Note that by design, if $\lambda$ is a distinct eigenvalue, $(\lambda I -A)\pmb{x} = \pmb{0}$ will always give you a linearly independent eigenvector (why?). So diagonalizability depends on only the repeated eigenvalues.
You are diagonalizable if you have say $k$ eigenvalues with corresponding eigenspaces, so that the sum of the dimensions of the $k$ eigen spaces adds up to the dimension of your vector space. The matrix you gave is not diagonalizable. The idea is you are diagonalizable if you have a basis for the vector space consisting of eigenvectors, so you need $n$ eigenvectors.
The rank comes in when you are determining the dimension of the eigenspaces.
Edit: That matrix is not diagonalizable either (I can tell quickly because it is in its Jordan Normal Form which you can look up if interested).
The idea is this. Say you have a diagonal matrix, where all the entries are non-zero. Then your vector space has a basis of eigenvectors, namely the standard vectors $e_{i}$. It's easy to see they are eigenvectors, since if $A$ is your matrix $Ae_{i}=a_{ii}e_{i}$ (just write out a simple example to convince yourself.
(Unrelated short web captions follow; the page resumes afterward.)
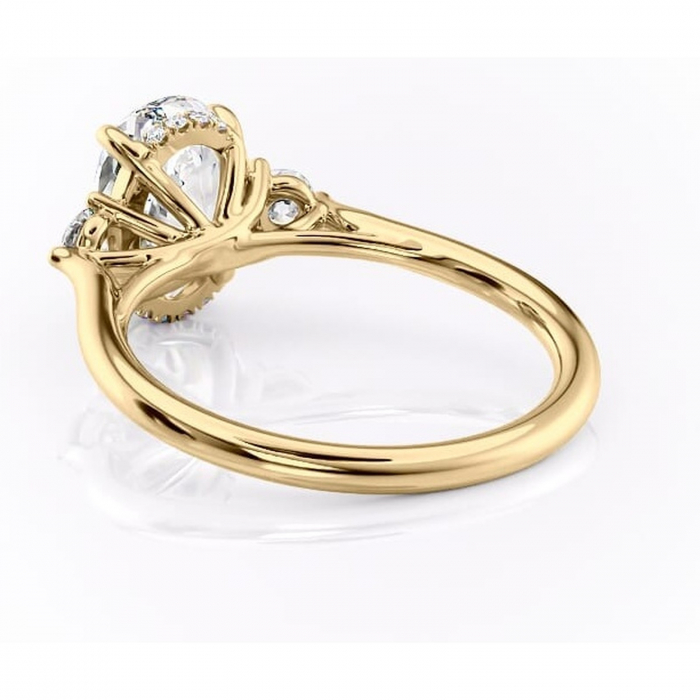 Inel de logodnă Delphine din aur Galben 14kt cu moissanite tăietură ovală – Montură cu trei pietre rafinată pentru profil mediu | Personalizează și configurează gratuit online [4]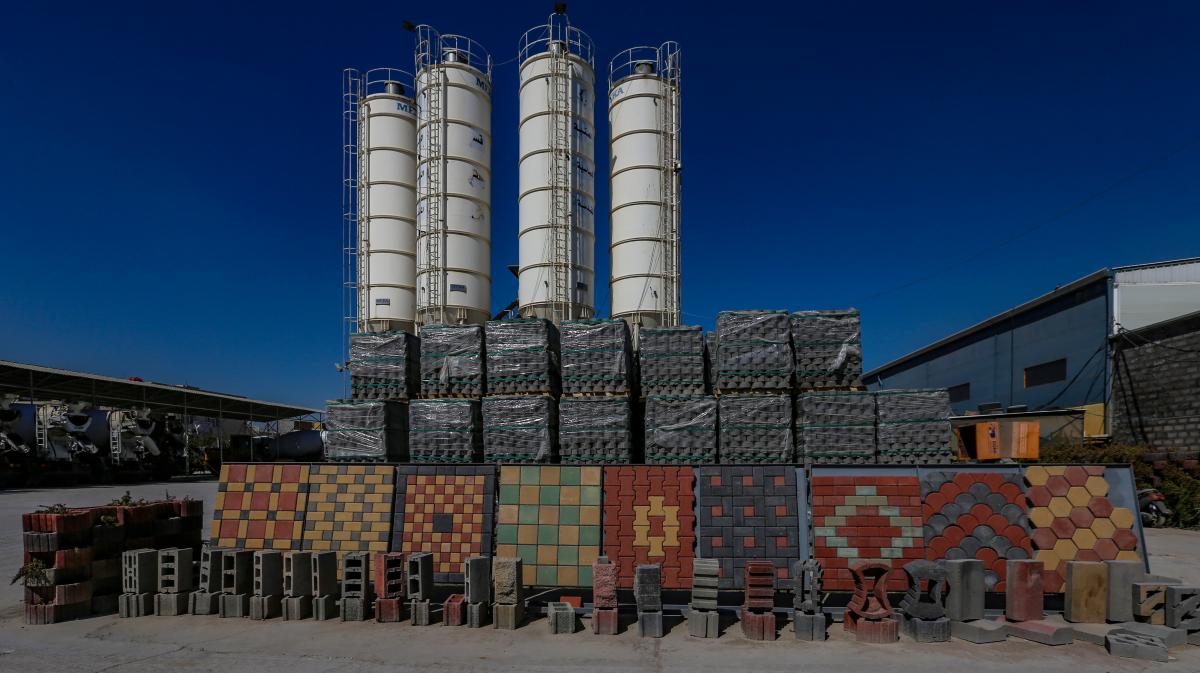 Spitzen Qualität mit den höchsten Anforderungen: Die Beton- und Zementfabrik der Heiligen Abbassitischen Stätte vertreibt ihre P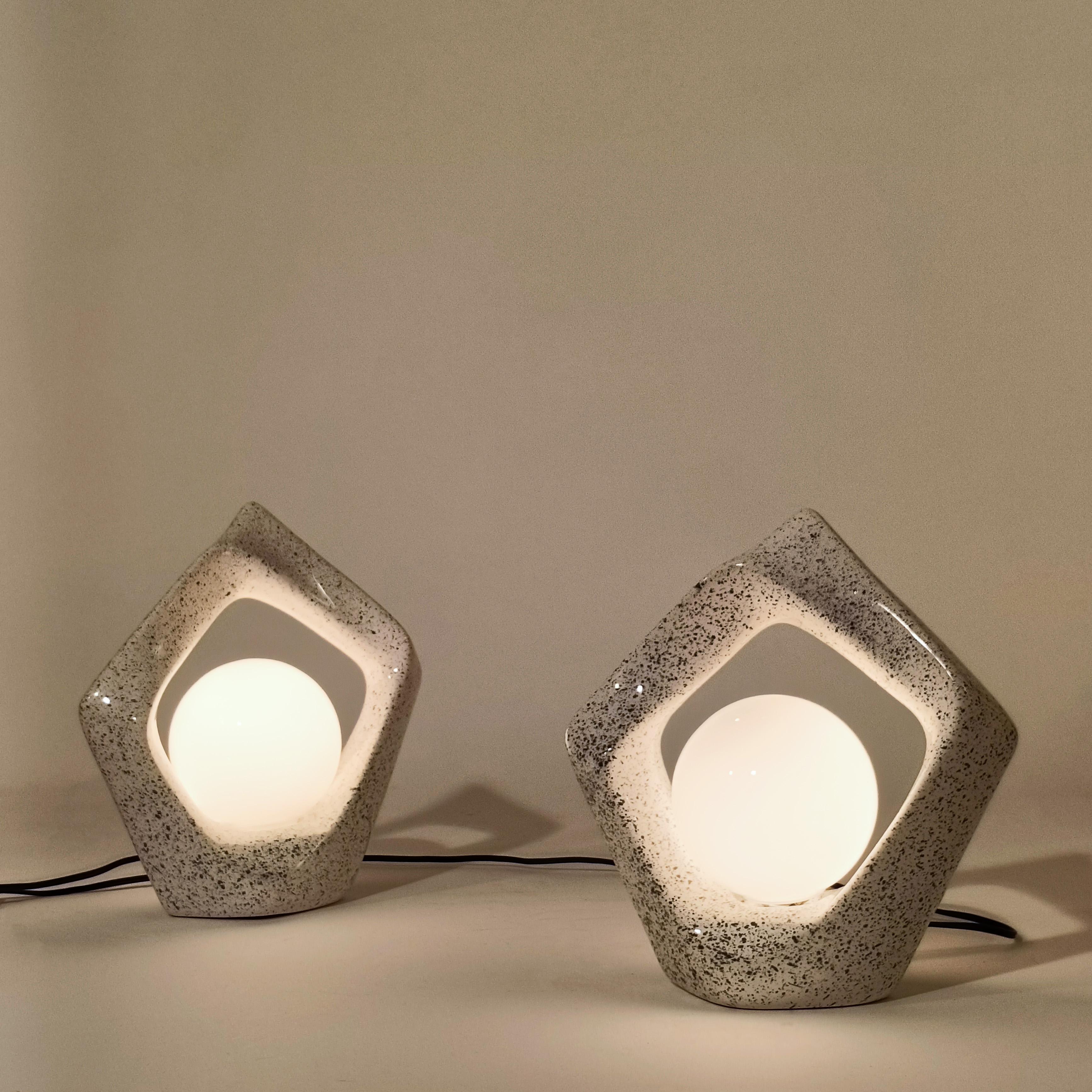 Post-Modern style. Sculptural ceramic table lamps, Spain, 1980s In Excellent Condition For Sale In SANT ADRIÀ DE BESÒS, ES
Now things like eigenvalues and dimensions of eigenspaces are not changed by similarity. That means, if $A$ is diagonalizable, in any basis it will have a basis consisting of eigenvectors. So, what you do is you first find the eigenvalues. Above, they are 3 and 2, with 2 having multiplicity 2. Now, what is the dimension of the eigenspace? It is the dimension of the kernel of $A-\lambda I$. The dimension of the kernel is the dimension of the vector space minus the rank of the matrix.
So you compute. For $\lambda=3$ you find the rank is $2$ so the eigenspace has dimension 1. But for $\lambda=2$ you have an eigenvalue with multiplicity 2 but computing gives you rank 2, so the eigenspace corresonding to $2$ has dimension 1. So you don't have enough eigenvectors, the sum of dimensions of eigenspaces is 2 instead of 3, so you are not diagonalizable.
At least that is how I think of this.